• Gary Brill
  • Gary Brill
  • Assistant Teaching Professor
  • Areas: Areas: General Psychology, Theoretical and Philosophical Psychology

I received my PhD in Personality and Social Psychology at New York University in 1982 and spent the subsequent 20 years working at Bell Labs / AT&T / Lucent Technologies. Since 2002, I have taught General Psychology, Cognition, Motivation & Emotion, and Advanced Topics in Personality as a full-time non-tenure-track instructor at Rutgers.

For the past several years my interest has been in theoretical and philosophical psychology. I have been pondering a set of related questions that have persisted in the discipline of psychology since its earliest days and which remain topics of vigorous discussion among theoretical psychologists today: To what extent can the study of persons be scientific? If the scientific approach is entirely inappropriate to address the most important psychological phenomena (which some would argue) or if science is appropriate but insufficient to provide adequate explanations of the person (which others would assert), what else then can psychology be?
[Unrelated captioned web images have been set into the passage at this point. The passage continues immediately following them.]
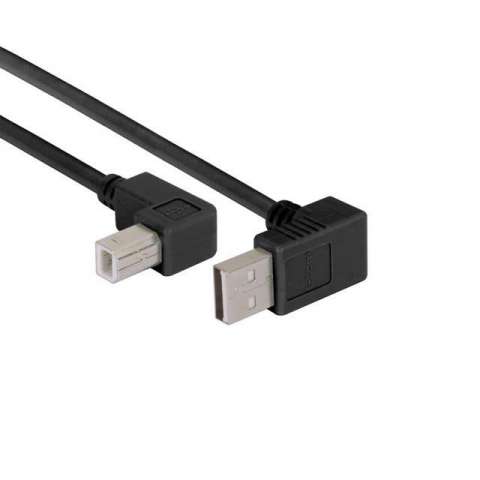 CABLK90UA-UB-1M USB 电缆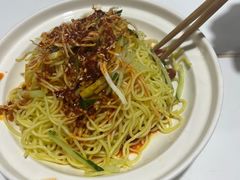 鸡丝凉面-成都味道(望江西路店)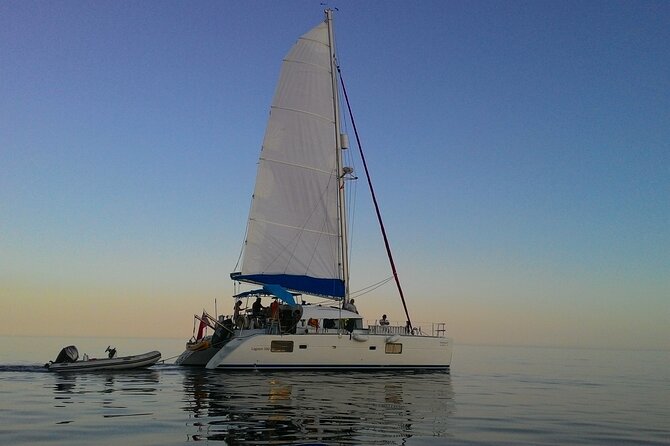 Half-Day Luxury Catamaran Sailing Cruise in Granada - Key Highlights to Know Before You Go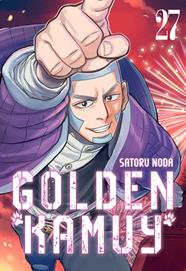 Golden Kamuy, Vol. 27 | N0122-MILK03 | Satoru Noda | Terra de Còmic - Tu tienda de cómics online especializada en cómics, manga y merchandising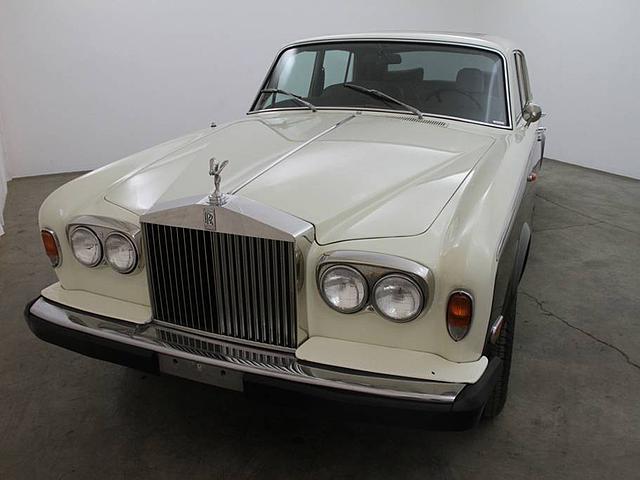 1976 Rolls-Royce Silver Wraith Beverly Hills CA 90210 Photo #0144874A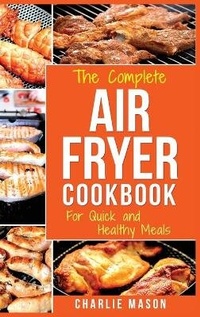 Abbildung von: Air fryer cookbook - Tilcan Group Limited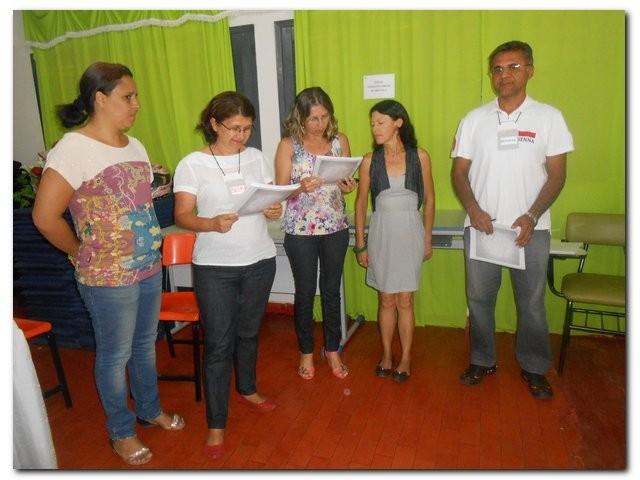 Encerramento do Curso sobre Compras Governamentais em Inhuma - Imagem 10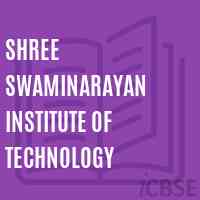 Shree Swaminarayan Institute of Technology Logo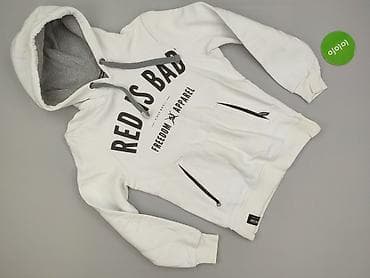 bluzy appendage: Red, Bluza z kapturem damska, rozmiar XS — 2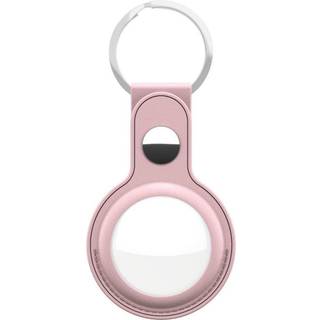 KeyBudz Leather Keyring for AirTag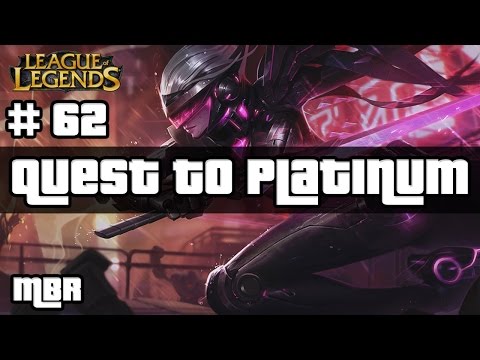 Project : Fiora Vs Malphite - Top Lane - Ranked #62 - League Of Legends - HD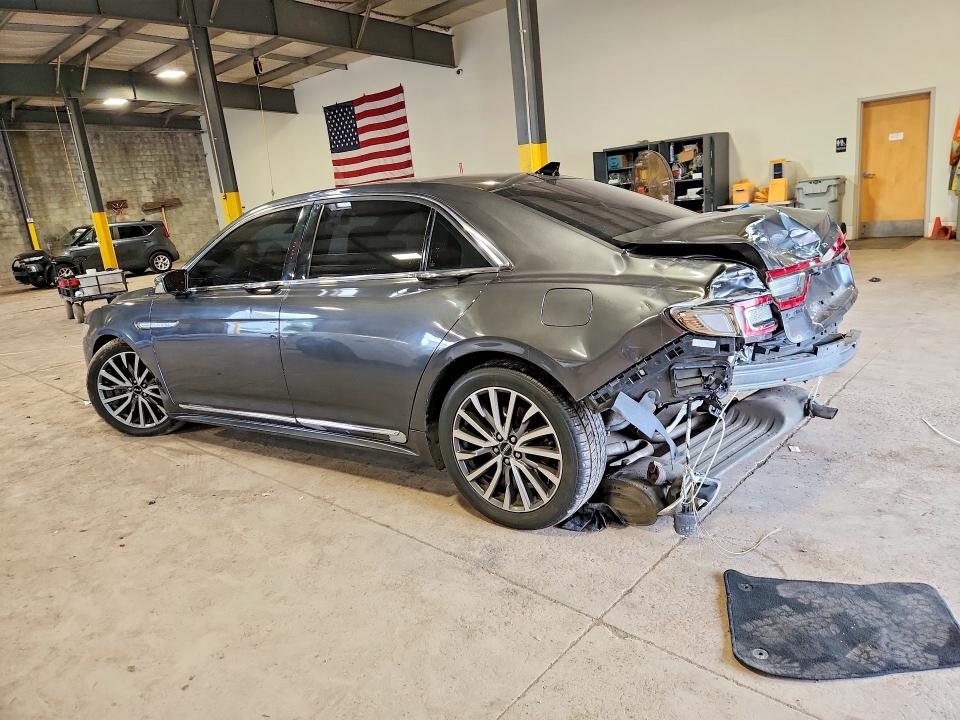 Aukcja sprzedaży 2019 Lincoln Continental, vin: 1LN6L9TK8K5600155, numer aukcji: 63849426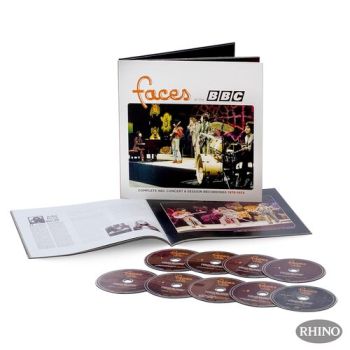 Faces, The - Faces At The BBC: Complete BBC Concert & Session Recordings (1970-1973) 8CD+BD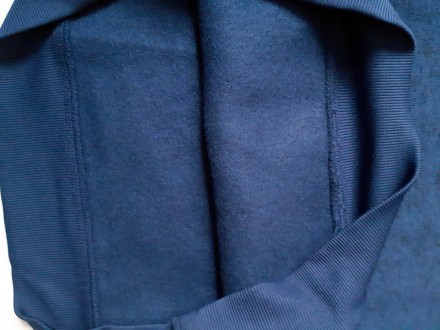 Мужская толстовка синяя на флисе Livergy Германия
Размер M (48-50); плечи 46 см.. . фото 4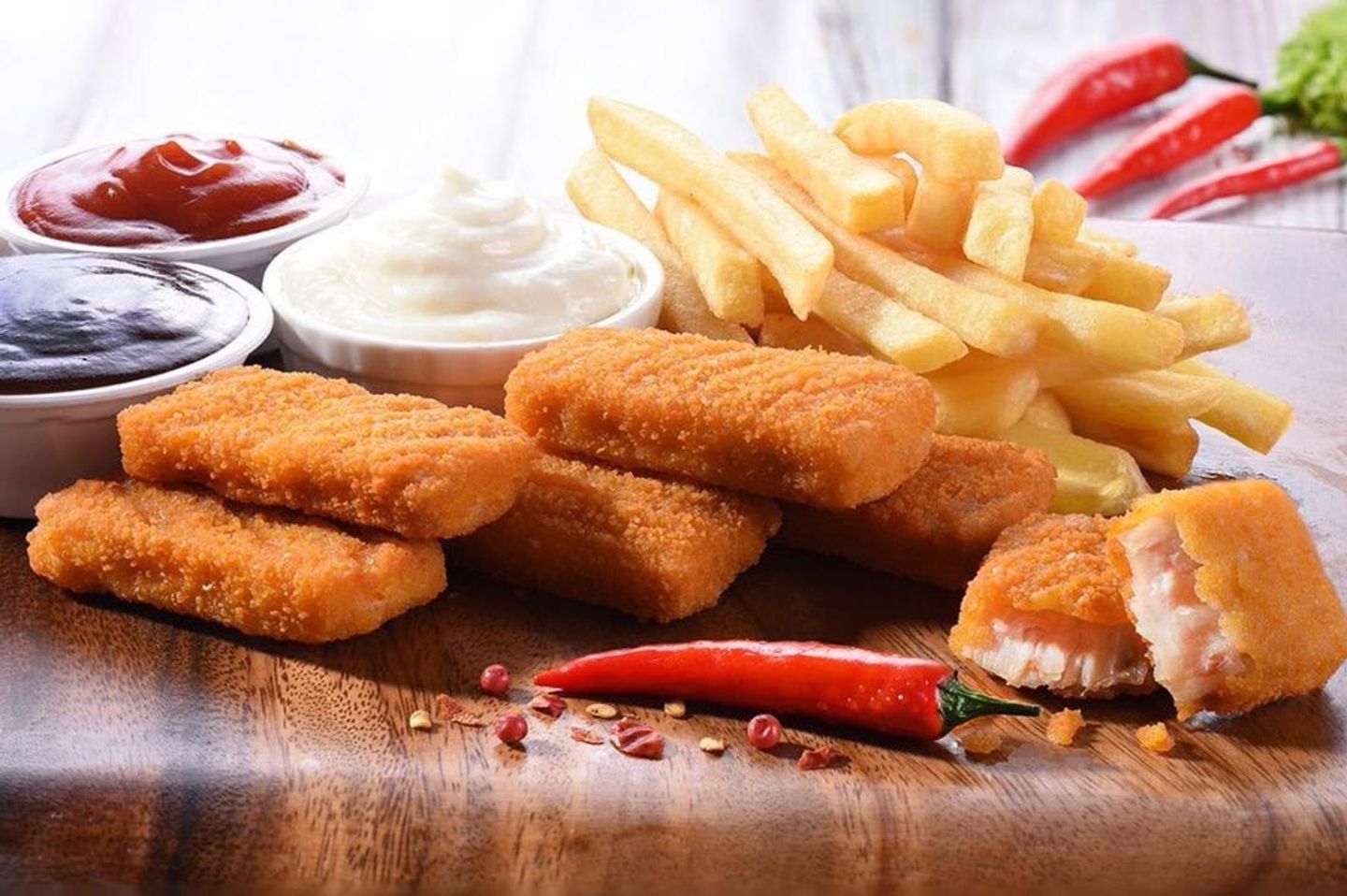 Fish Fillet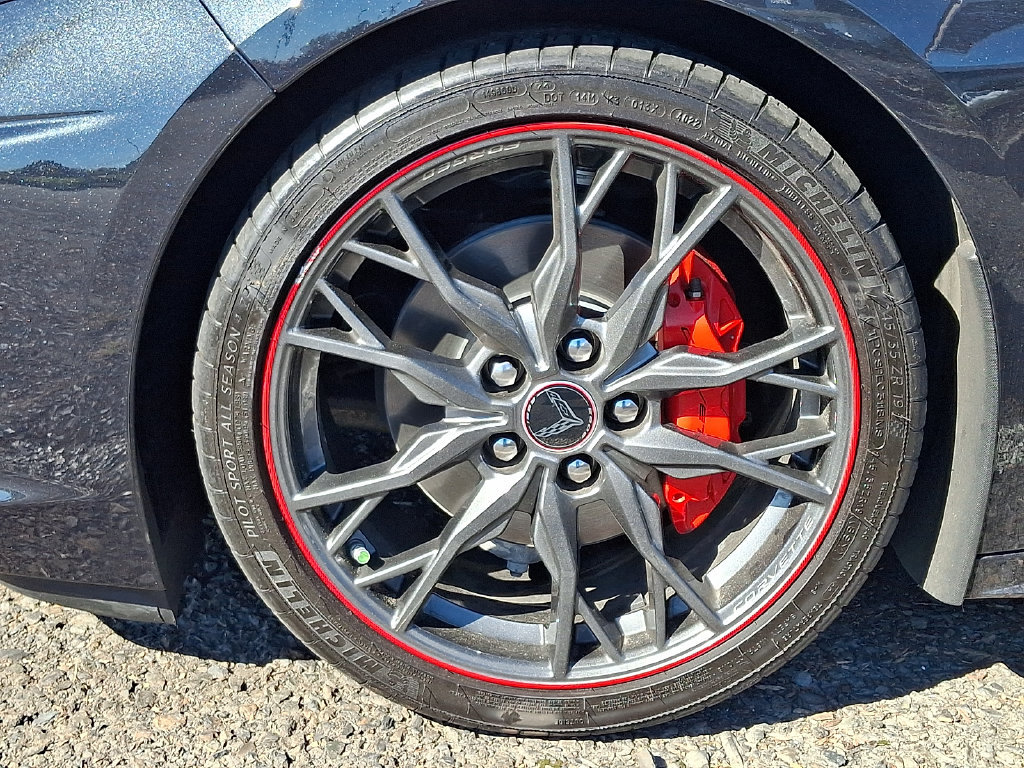 Used 2023 Chevrolet Corvette Stingray Premium Conv RWD image 10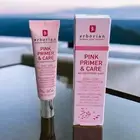 Erborian Pink Primer & Care, Pore Blurring Primer, 0.5 oz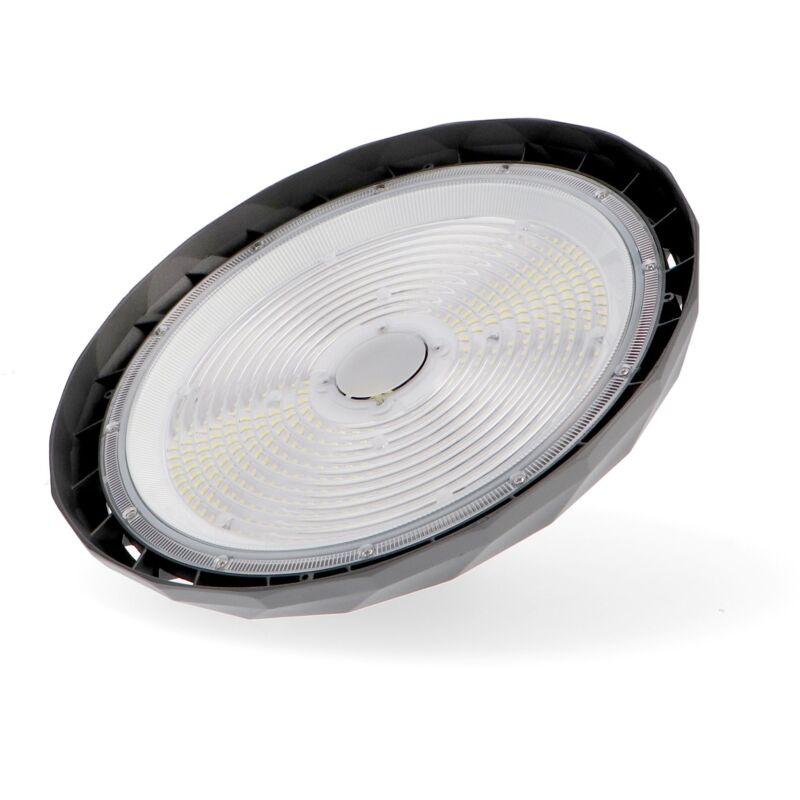 Campana ufo led IP65 200W 010V 36000Lm Blanco Frio 5000K - Iluminashop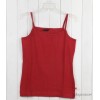 904# inventory of foreign trade clothing ladies cotton spandex halter top small vest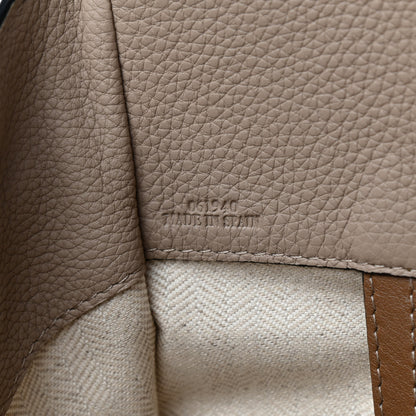 Loewe Calfskin Mini Hammock Shoulder Bag Sand Mink 6 of 9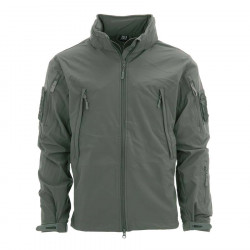 Veste tactique : Softshell , version été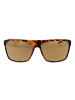 Champion Männer Sonnenbrille Rechtwinklig Braun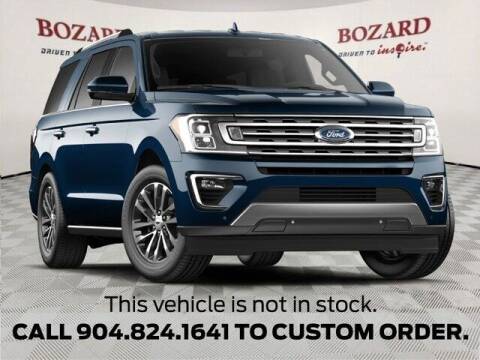 2023 Ford Expedition for sale at BOZARD FORD in Saint Augustine FL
Several alternatives to the scientific approach, typically called “critical psychologies,” have been offered by theoretical and philosophical psychologists, including hermeneutics, social constructionism, relational theory, pragmatic psychology, critical personalism, and others.

My work seeks to harmonize, to the extent possible, scientific and critical approaches to psychology. When would it be better to view persons as agentic (that is, exercising some form of “free will”) and when would it be better to promote scientific, causal explanations of psychological phenomena? Can these different approaches be connected in some way, and if so, how?